In your copy, leave out the pictures; write out all the data exactly.

## [Provided information]
++++++++++++++++++++

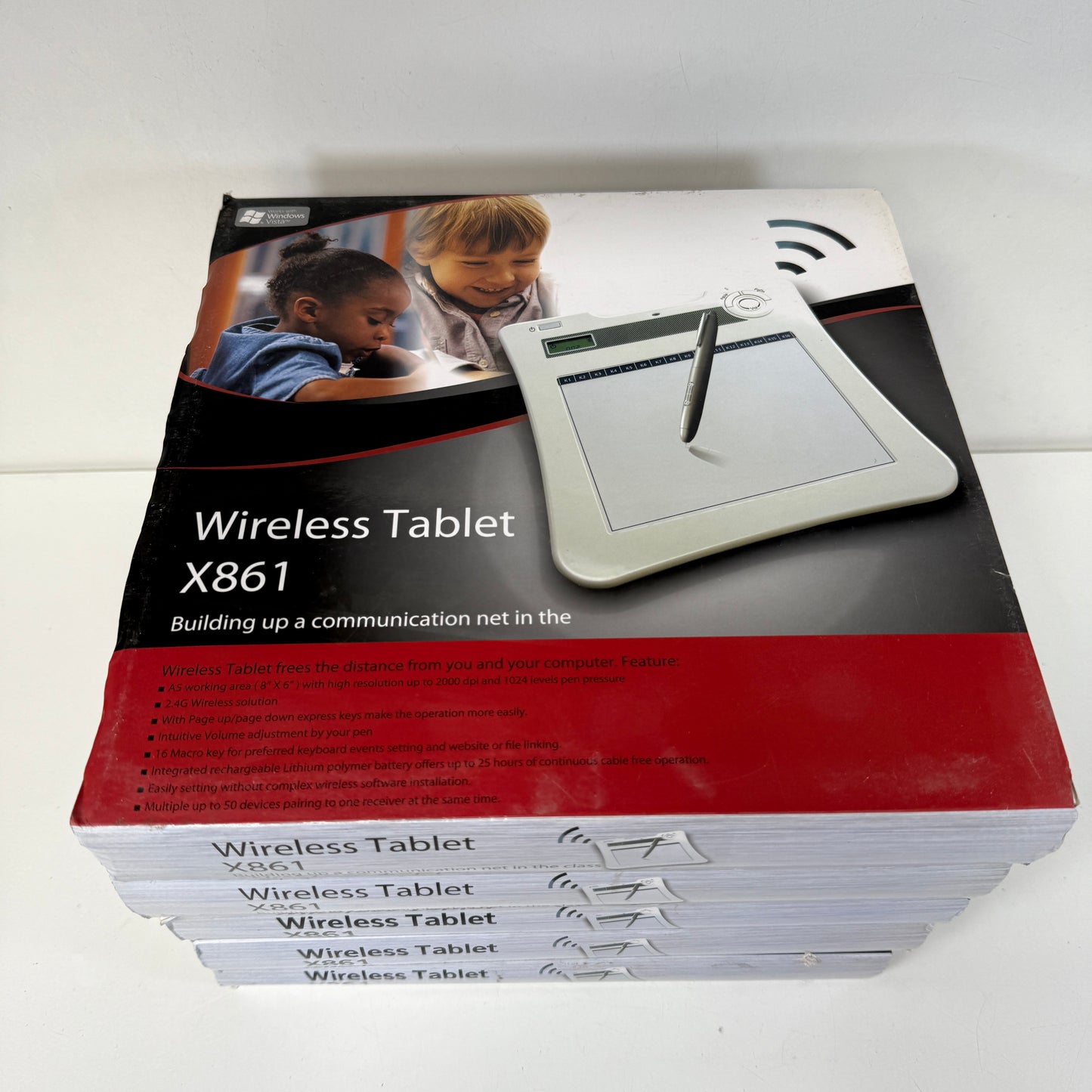 Joblot 5x Wireless Tablet X861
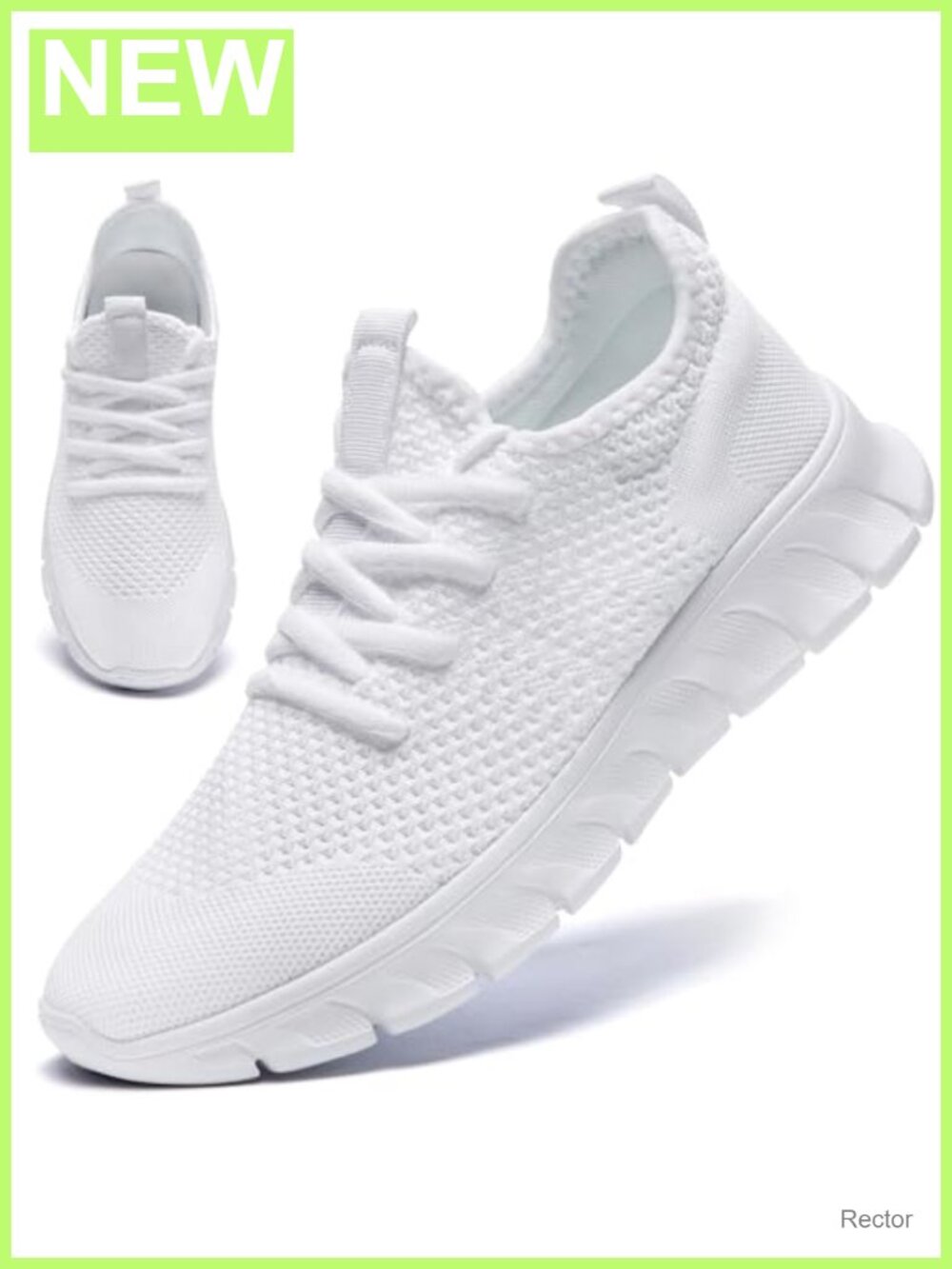 Unisex Breathable Mesh Running Shoes Lightweight Slip-On Athletic Sneakers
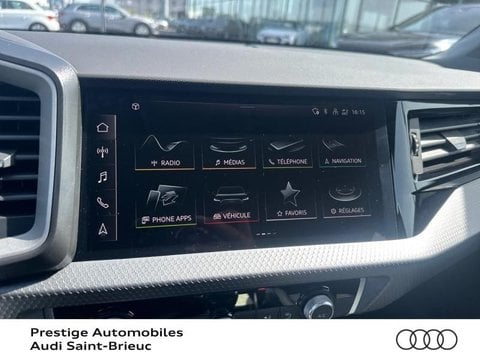 Voitures D'occasion À Saint-Brieuc | Audi A1 Sportback 25 Tfsi 95Ch Design
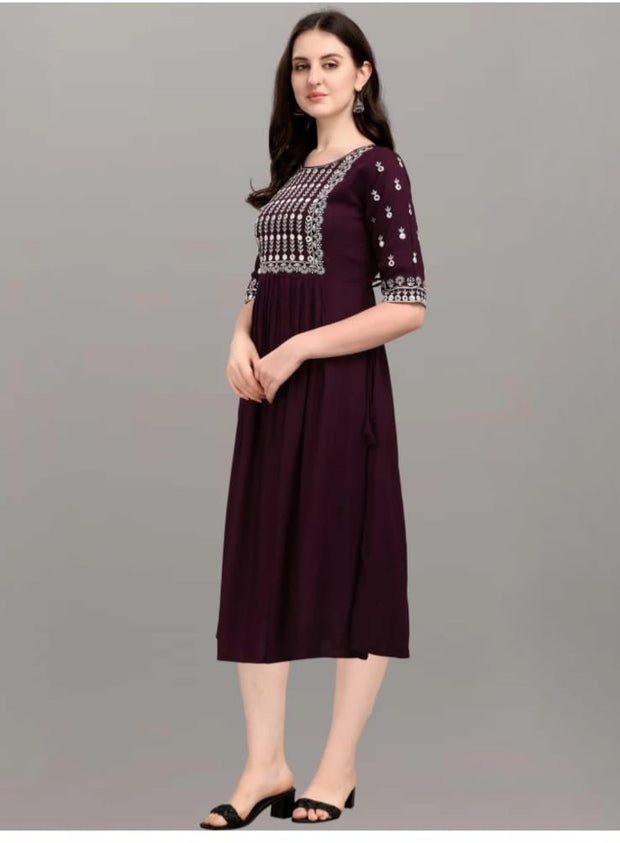 RGN1 - Anarkali kurti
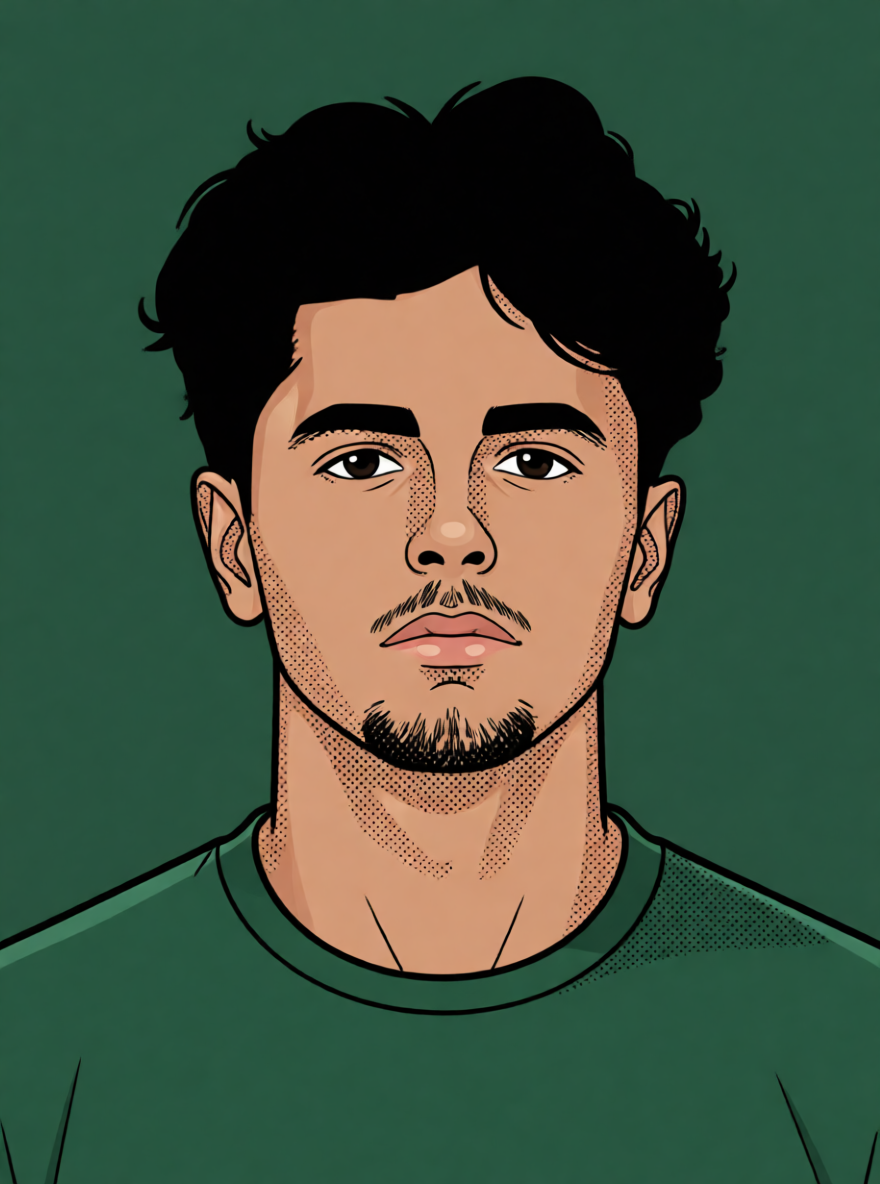 Miguel Figueiredo — ScoutChefAI illüstrasyonu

++++++++++++++++++++

## [Solution]
 Joblot 5x Wireless Tablet X861
 Unisex Breathable Mesh Running Shoes Lightweight Slip-On Athletic Sneakers
 Voitures D'occasion À Saint-Brieuc | Audi A1 Sportback 25 Tfsi 95Ch Design
 RGN1 - Anarkali kurti
 Miguel Figueiredo — ScoutChefAI illüstrasyonu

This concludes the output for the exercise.